# THE DATA
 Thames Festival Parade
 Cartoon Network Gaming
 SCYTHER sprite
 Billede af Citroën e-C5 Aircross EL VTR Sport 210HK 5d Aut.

# EXERCISE INSTRUCTIONS
Write the complete data out, exactly as above.

# ANSWER TO THE PROBLEM
 Thames Festival Parade
 Cartoon Network Gaming
 SCYTHER sprite
 Billede af Citroën e-C5 Aircross EL VTR Sport 210HK 5d Aut.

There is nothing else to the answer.